Upon the end of the Chesapeake Bay season we will be fishing from Rudee Inlet at Virginia Beach, VA in January and February. For these winter trophy trips we will be fishing from my larger and newer boat "FIN FINDER". Captain/Mate Andrew Turner will be working as first mate on all of these winter charters. The fishing from VA Beach during January and February is truly world class. The colder water during the winter months causes baitfish and trophy stripers to group up in massive schools off the coast of VA Beach. When these schools collide it is a feeding frenzy and with the help of large ocean birds called Gannets and our radar which helps us find these birds the fishing action in unbelievable. For the VA Beach winter season I offer a two day package deal for $350 per person for 6 passengers which includes the following........

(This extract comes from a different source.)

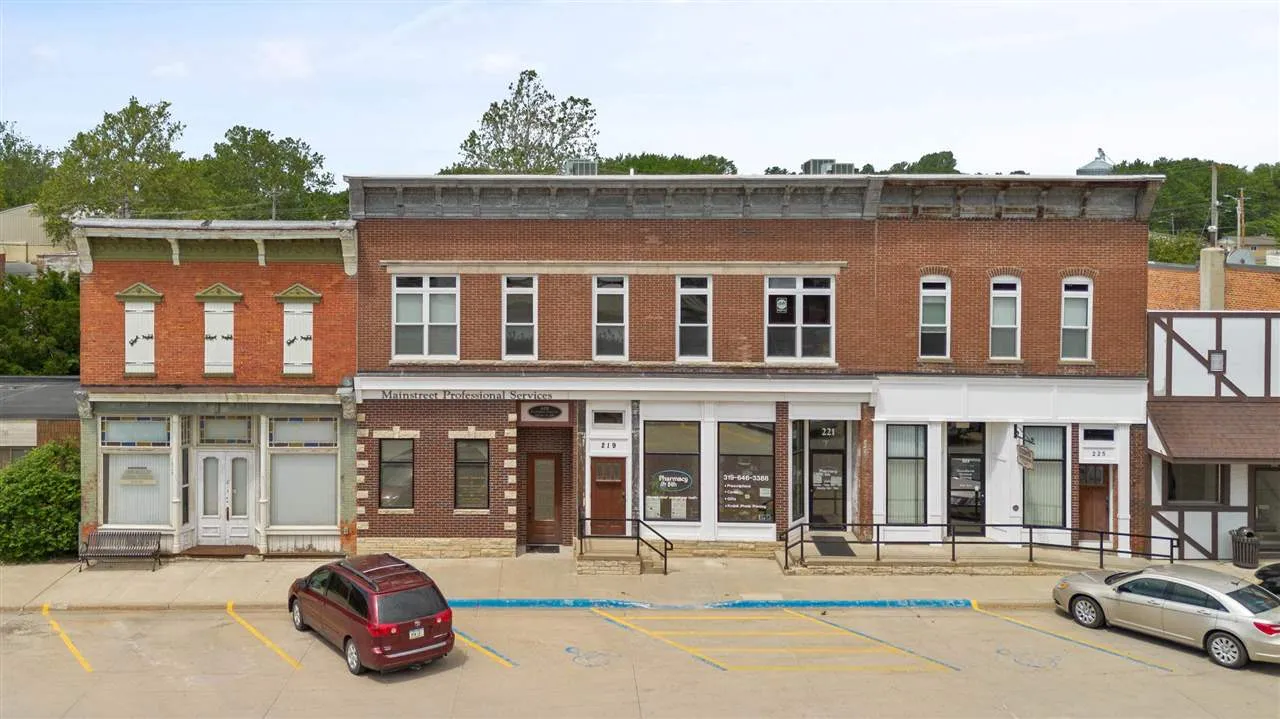 217 8th Ave Unit Suite 1, Wellman, Iowa 52356 – Property Featured Image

Day 1 charter departing around 9am
Day 2 charter departing around 7am
Tip for first mate for both charters
Fish Cleaning for both charters (two trophy stripers per person per day)
3 Hotel rooms with two beds per room
Breakfast at the Hotel


As for dates available for this package deal.......


January 19/20


February 2/3 3/4 9/10 10/11 16/17 17/18 18/19 19/20 21/22 23/24 24/25 25/26 26/27 28/march 1


Thanks,
Capt. Greg Buckner


----------



## AL_N_VB (Apr 3, 2002)

Good deal....I am a local so I do not room or board. What's 1 day going for?


----------



## Gnatman (Sep 15, 2005)

*N4d...*

...I don't know, but here is a link to his website where you'll be able to see pics of his fish - along with contact info.

Good luck if you get out! 

http://www.misssusiecharters.com/


----------



## AL_N_VB (Apr 3, 2002)

Might be a good excuse to put together a P&S charter trip. Thanks for the link.


----------



## RuddeDogg (Mar 20, 2004)

Nserch4Drum said:


> Might be a good excuse to put together a P&S charter trip. Thanks for the link.


That would be cool.


----------



## AtlantaKing (Jul 7, 2002)

Nserch4Drum said:


> Might be a good excuse to put together a P&S charter trip. Thanks for the link.

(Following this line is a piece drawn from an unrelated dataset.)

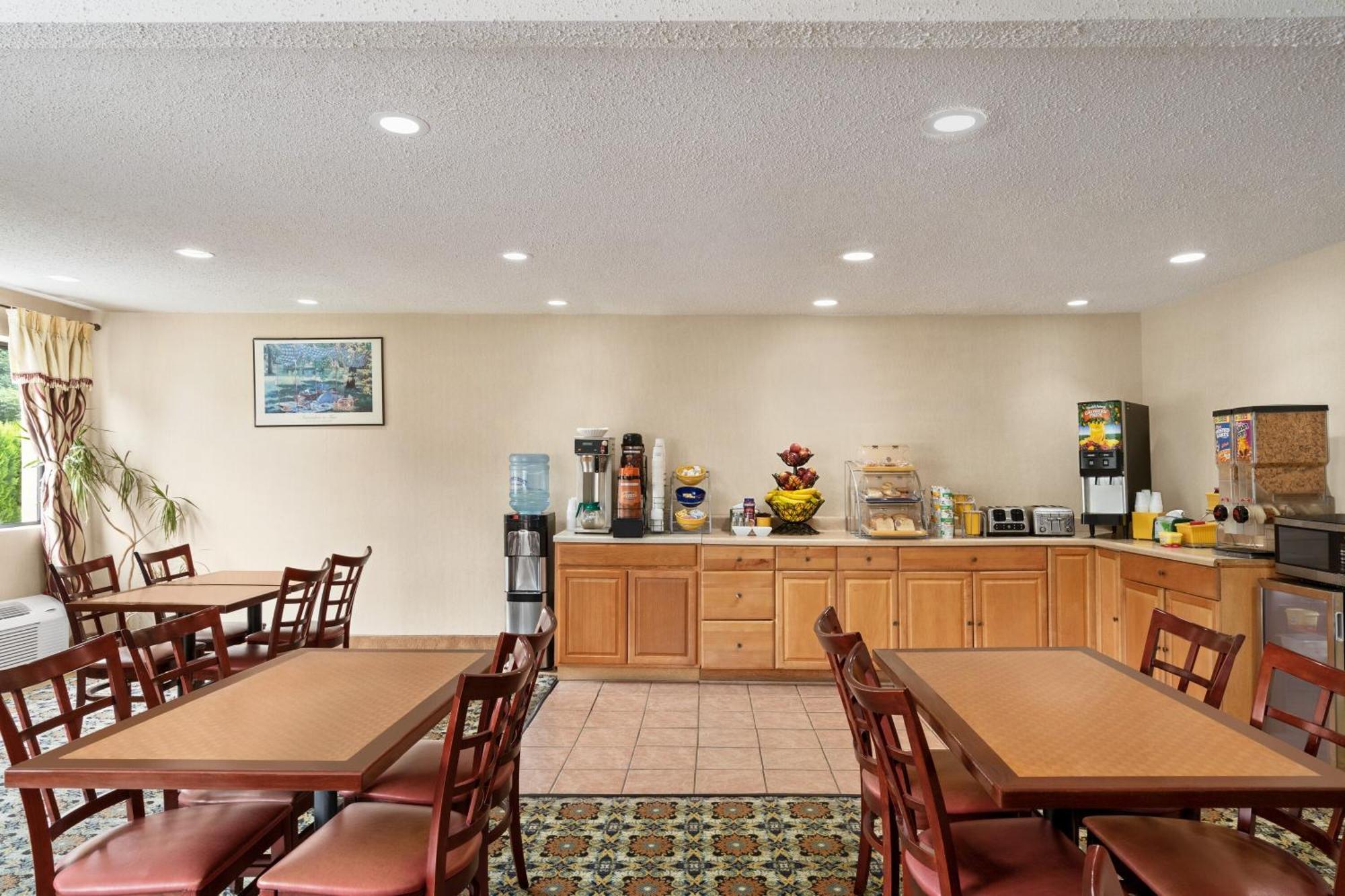 The Cayuga Inn At The Finger Lakes Auburn Buitenkant foto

Let's do it. I'm in! :fishing:


----------



## AL_N_VB (Apr 3, 2002)

AtlantaKing said:


> Let's do it. I'm in! :fishing:


I am working with the Captain now. I would like to plan a Chesapeake Bay trip. Who's interested? I need at least 30 anglers. I'm also pending the rate.

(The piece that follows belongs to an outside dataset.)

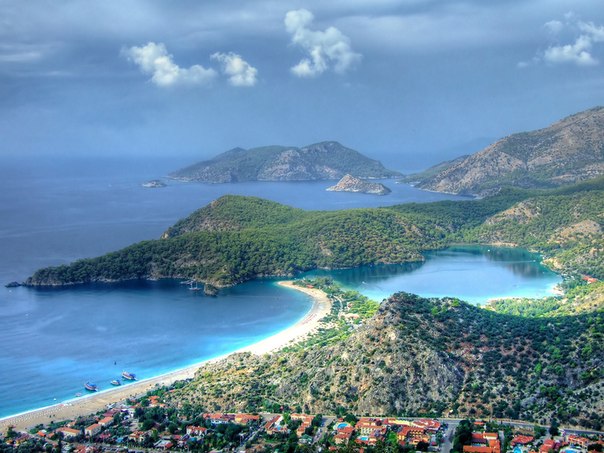 Олюдениз — курортный посёлок, расположенный на Турецком Средиземноморском побережье в 15 км от города Фетхие. В Олюденизе находится Голубая лагуна — национальный заповедник Турции.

I would like to book a weekend date....2/23???? but open for a weekday trip.



> The FIN FINDER is licensed for 30 passengers in the Bay but only 6 passengers in the Atlantic. *I am only offering all day trips in the Ocean and the price for a one day trip is $800. *As for dates available.........
> 
> December 31
> 
> ...


----------



## drawinout (May 11, 2008)

I might be game. I might be fishing a striper tournament Jan. 15-18, but if I decide not to fish that I'd be up for it.


----------



## kapoc (Oct 3, 2003)

Not to be a prick but has anyone thought about the local boats that are struggling around here before they book up the out of town guys. I'm not trying to start a fight but we are hurting here as much as anyone.


----------



## drawinout (May 11, 2008)

kapoc said:


> Not to be a prick but has anyone thought about the local boats that are struggling around here before they book up the out of town guys. I'm not trying to start a fight but we are hurting here as much as anyone.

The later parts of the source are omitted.